A partire dallo scorso anno è stata attivata una nuova classe di kindergarten, la “primavera”. Questa è dedicata ai bambini e alle bambine che non hanno ancora raggiunto l’età richiesta per l’inserimento nelle altre classi. A differenza delle altre sezioni, la primavera è un vero e proprio spazio di gioco per i piccoli; vengono avviati all’apprendimento da un’insegnante capace di trovare il giusto mix di strumenti per catturare la loro attenzione. Alcuni tra i bambini del kindergarten sono stati individuati da Donato durante le sue passeggiate domenicali nei dintorni (“come si faceva prima”, dice lui).

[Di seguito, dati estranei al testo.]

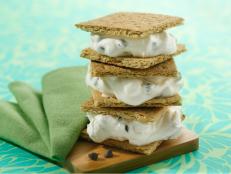 Cooking Channel serves up this Gimme Gimme S'mores Sandwich recipe  plus many other recipes at CookingChannelTV.com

Fatta eccezione per costoro, a differenza di appena qualche anno noto come l’abbigliamento e lo stato di igiene dei bambini e delle bambine sia mutato. Se prima bastava riconoscere una maglietta o una treccia per essere associati a un volto e a un nome, ora alcuni piccoli cambiano vestiti e acconciatura più volte a settimana. Segno che le condizioni di vita stanno generalmente migliorando nell’area o che il progetto non è più in grado di agganciare chi ha più bisogno? Difficile a dirsi.

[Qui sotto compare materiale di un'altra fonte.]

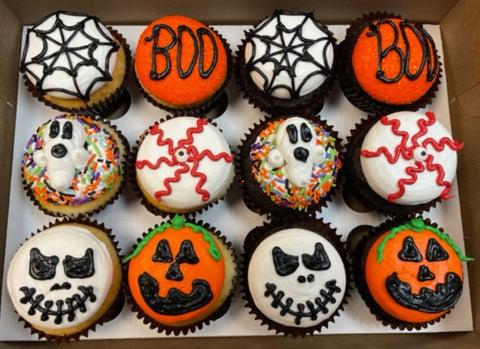 12 Halloween Cupcakes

Le nuove attività degli adolescenti

Un’evoluzione analoga ha interessato anche gli ex bambini e bambine, ora adolescenti. Il calcio rimane sempre l’intrattenimento pomeridiano preferito dai ragazzi maschi; alcuni giorni però ce ne sono in circolazione così pochi da non riuscire a comporre nemmeno due squadre da 5; questo anche a causa della nuova organizzazione su turni del tempo scolastico. L’alternativa per chi viene è sedersi sulle panche del cortile, ora orientate in modo da prendere le reti wifi libere disponibili nell’area, e guardare video o ascoltare musica da YouTube, attraverso i nuovi smartphone di cui alcuni tra loro dispongono. Per quanto meno poetico del vecchio oratorio pullulante di anime che si contendevano spazi e palloni, un effetto collaterale e positivo della situazione è che le interazioni tra ragazzi e ragazze sono cresciute tantissimo… perché i ragazzi si sono spostati negli spazi “tipici” delle ragazze (le panche, la tettoia) introducendovi la novità tecnologica (perché sono perlopiù ragazzi i proprietari di cellulari). Dove sono i nuovi adolescenti? L’oratorio non piace più? Come desiderano passare il proprio tempo libero?

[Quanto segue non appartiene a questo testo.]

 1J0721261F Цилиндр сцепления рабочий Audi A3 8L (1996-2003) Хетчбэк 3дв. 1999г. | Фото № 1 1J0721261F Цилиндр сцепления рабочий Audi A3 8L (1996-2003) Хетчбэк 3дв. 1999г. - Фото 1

Il volto del progetto è cambiato e sta cambiando, in relazione ai mutamenti della società tutta. Accogliere il cambiamento per ciò che è, accettarlo senza nostalgia del passato, non è sempre un’operazione immediata; eppure lasciarsi interrogare dalle novità che interessano il nostro piccolo habitat deve per forza essere opportunità di pensare e ripensare il significato del nostro continuare ad esserci.